W Chinach aresztowano 120 twórców cheatów do PUBG
PUBG to obecnie jedna z najpopularniejszych gier na rynku, więc jest w niej także najwięcej cheaterów, głównie w Chinach. Na szczęście tamtejsza policja aresztowała właśnie 120 osób odpowiedzialnych za tworzenie cheatów.
PlayerUnknown’s Battlegrounds to bez wątpienia jedna z najpopularniejszych gier tego roku. Tylko na pececie dorobiła się ponad 25 mln użytkowników, a wydaną niedawno wersję na Xboxa One, kupiło ponad 3 mln osób. Dodam, że wersję na PC możecie dostać w atrakcyjnej cenie na tej stronie.

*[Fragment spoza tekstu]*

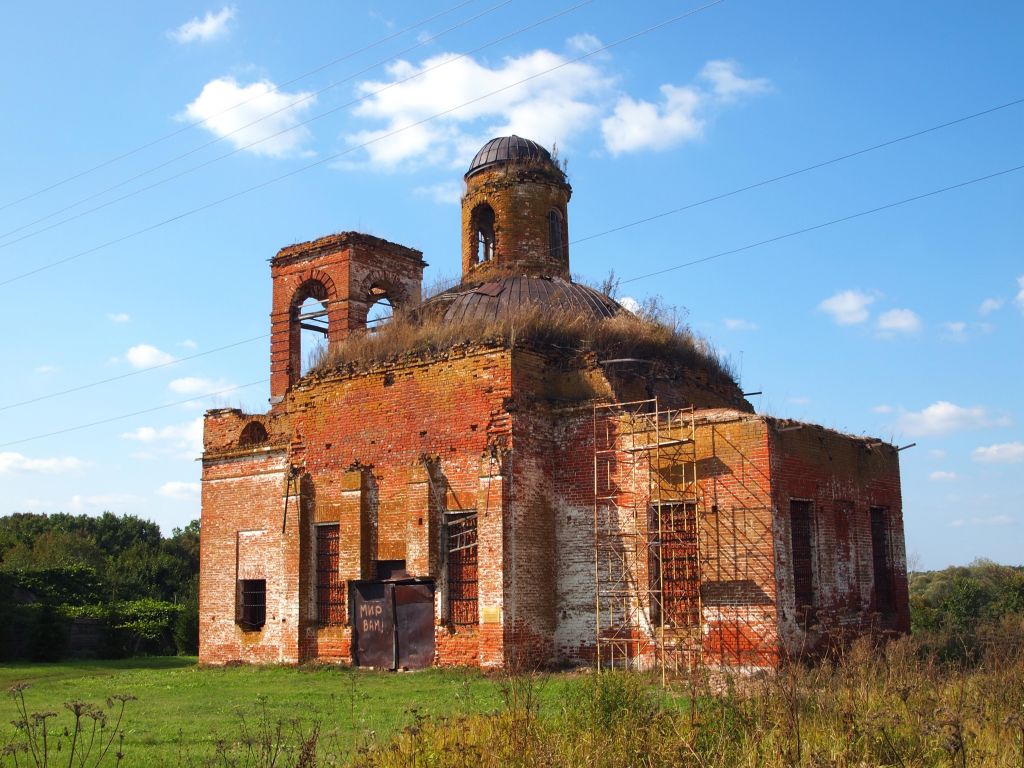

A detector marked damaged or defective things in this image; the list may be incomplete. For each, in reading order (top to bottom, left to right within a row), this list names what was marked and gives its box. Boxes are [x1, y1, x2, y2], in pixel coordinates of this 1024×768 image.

rusty metal door [350, 580, 434, 668]
rusty metal door [394, 584, 434, 668]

Niestety strzelanka ma też gigantyczny problem z cheaterami. Wiele osób chciałoby zajmować wysokie miejsca w rankingach, lecz brak im umiejętności. Dlatego chętnie kupują programy, które im to umożliwiają. Ze względu na dużą popularność tytułu, rynek na cheaty jest więc bardzo duży. Ich tworzeniem zajmują się więc wyspecjalizowane grupy, zarabiające na tym miliony dolarów.
Chińska policja, wspólnie z firmą Tencent, która niebawem wyda grę na tamtejszym rynku, rozbiła właśnie szajkę przestępców, zajmującą się sprzedażą cheatów. Udało się dokonać aresztowania 120 osób podejrzewanych o tworzenie oprogramowania dającego nieuczciwą przewagę.

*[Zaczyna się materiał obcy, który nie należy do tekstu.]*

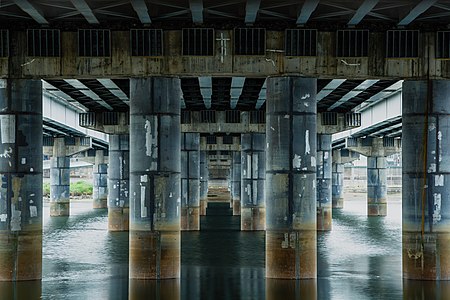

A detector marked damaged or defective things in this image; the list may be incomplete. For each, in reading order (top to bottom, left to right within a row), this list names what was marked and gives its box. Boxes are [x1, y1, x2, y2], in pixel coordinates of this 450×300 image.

rusty pillar base [50, 200, 69, 217]
rusty pillar base [108, 207, 129, 231]
rusty pillar base [180, 207, 200, 231]
rusty pillar base [241, 207, 266, 231]
rusty pillar base [370, 199, 386, 216]
rusty pillar base [0, 230, 41, 282]
rusty pillar base [129, 231, 180, 280]
rusty pillar base [268, 230, 316, 278]
rusty pillar base [402, 231, 450, 280]
rusty pillar base [128, 278, 179, 298]
rusty pillar base [266, 278, 318, 300]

Ich oferta była bardzo szeroka i można było w niej znaleźć aimboty ułatwiające celowanie, a także narzędzia pozwalające widzieć przez ściany. Szczególną popularnością cieszył się program Jue Ying, oferowany w cenie 15 dolarów, zapewniający m.in., widok z lotu ptaka na pole bitwy. W ten sposób gracz doskonale widział pozycje przeciwników.
Przestępcy zarabiają na produkcji cheatów do PUBG gigantyczne pieniądze. Autorzy poinformowali niedawno, ze dotychczas zbanowali 1,5 mln kont, czyli niemal 6 % wszystkich użytkowników strzelanki. A nie wiadomo jeszcze ilu użytkowników gry korzysta z takiego nielegalnego oprogramowania.
Jest to więc lukratywny biznes, a to oznacza, że ciężko będzie z nim walczyć.